## TASK REQUIREMENTS
Below are entries. Give back exactly the lines from the one containing "Za krásami Křivoklátska: hotel" through the one containing "Chalet Guesthost - La Luna Delle Montagne", inclusive, without the pictures.

──────── RECORDS SUPPLIED ────────

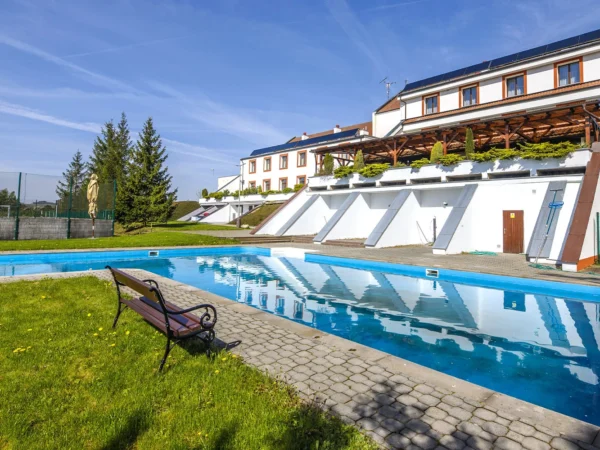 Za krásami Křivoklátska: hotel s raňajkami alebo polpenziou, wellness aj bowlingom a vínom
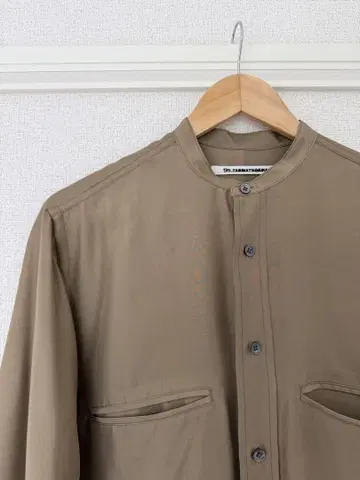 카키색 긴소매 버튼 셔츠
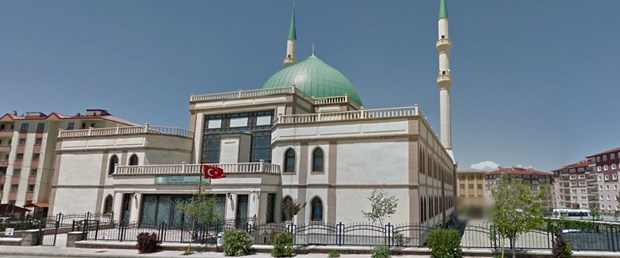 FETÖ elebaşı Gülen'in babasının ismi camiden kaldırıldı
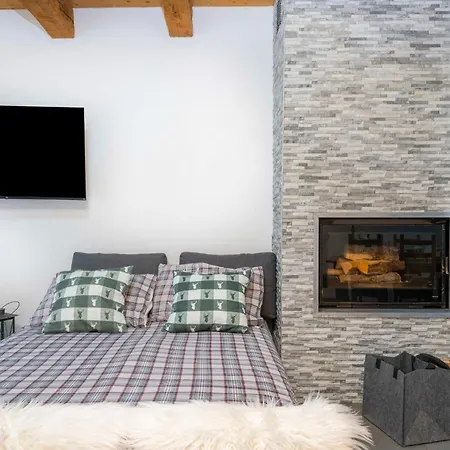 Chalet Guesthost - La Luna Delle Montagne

────────
──────── RECORDS SUPPLIED ────────

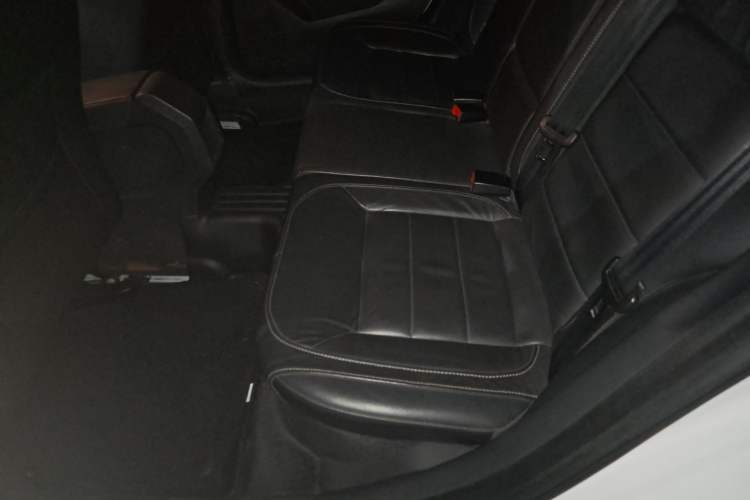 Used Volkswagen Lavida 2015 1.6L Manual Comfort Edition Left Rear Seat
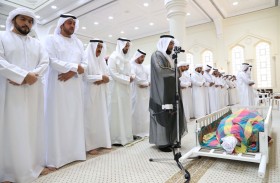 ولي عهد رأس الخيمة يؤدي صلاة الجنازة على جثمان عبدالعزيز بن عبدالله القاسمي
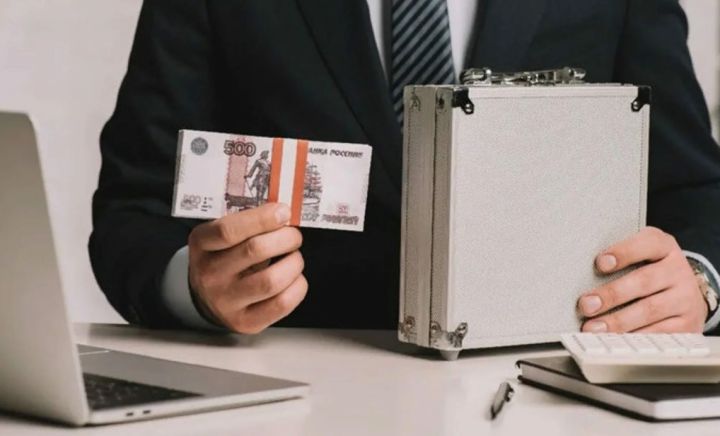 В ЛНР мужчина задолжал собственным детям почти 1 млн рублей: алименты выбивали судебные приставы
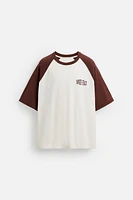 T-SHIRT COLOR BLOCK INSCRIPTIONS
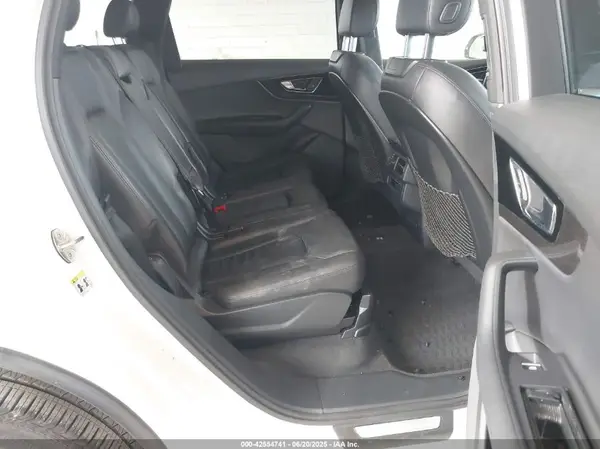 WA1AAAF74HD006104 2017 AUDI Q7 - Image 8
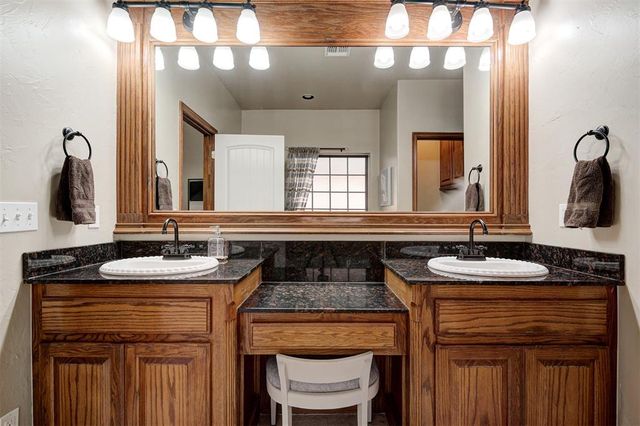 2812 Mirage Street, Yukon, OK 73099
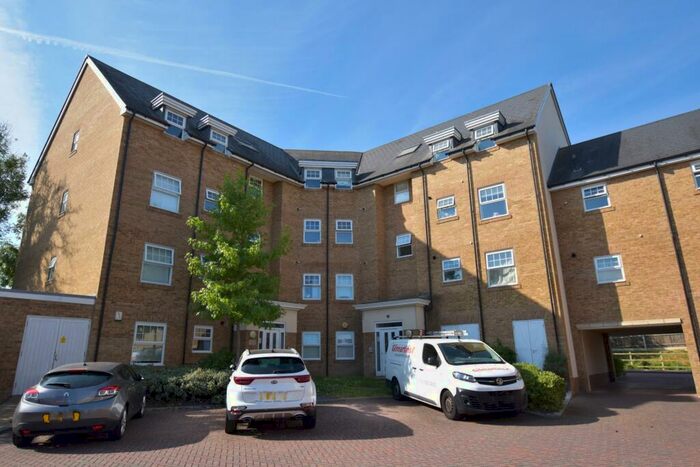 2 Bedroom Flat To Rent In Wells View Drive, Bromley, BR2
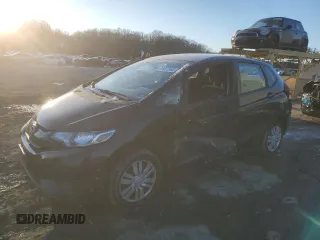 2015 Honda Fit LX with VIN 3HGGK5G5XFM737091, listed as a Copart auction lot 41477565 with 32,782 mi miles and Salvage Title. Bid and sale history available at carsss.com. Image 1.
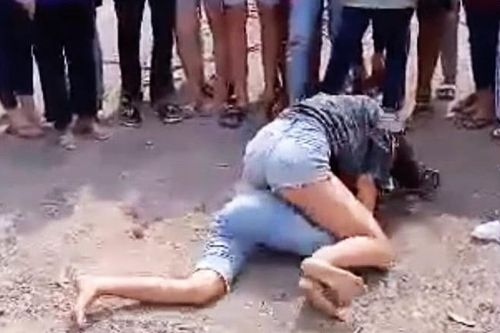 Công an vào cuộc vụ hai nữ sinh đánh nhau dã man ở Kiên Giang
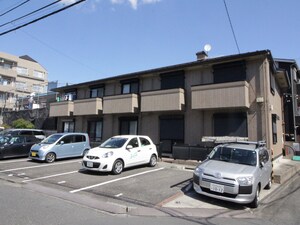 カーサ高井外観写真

────────
──────── RECORDS SUPPLIED ────────

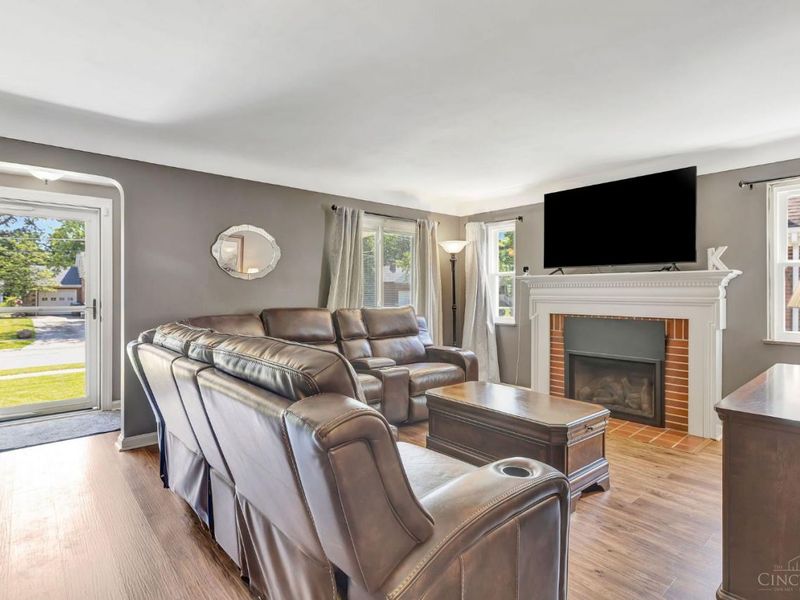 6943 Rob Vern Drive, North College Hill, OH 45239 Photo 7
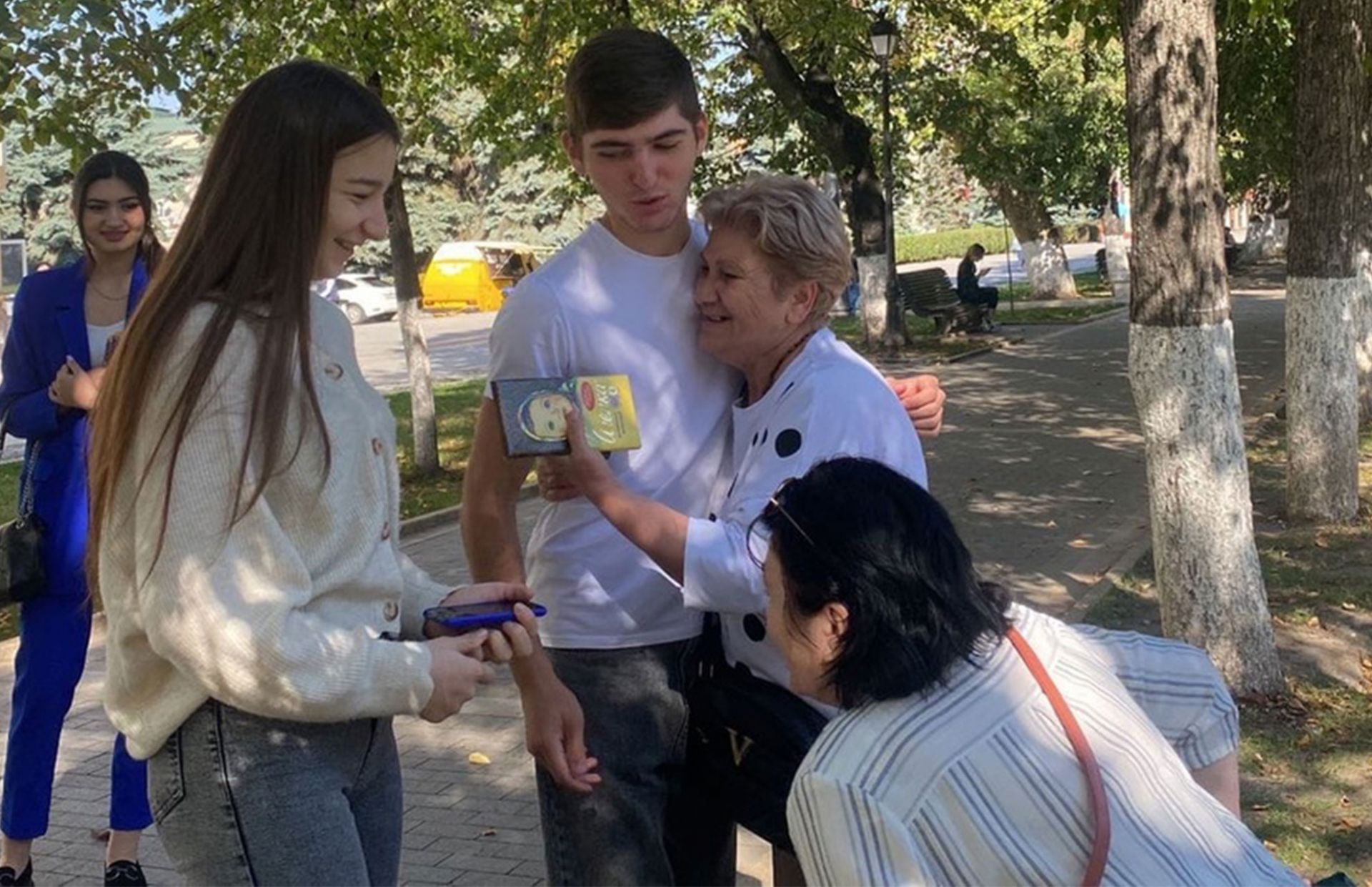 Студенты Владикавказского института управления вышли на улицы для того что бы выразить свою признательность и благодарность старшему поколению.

────────

## RESPONSE
 Za krásami Křivoklátska: hotel s raňajkami alebo polpenziou, wellness aj bowlingom a vínom
 카키색 긴소매 버튼 셔츠
 FETÖ elebaşı Gülen'in babasının ismi camiden kaldırıldı
 Chalet Guesthost - La Luna Delle Montagne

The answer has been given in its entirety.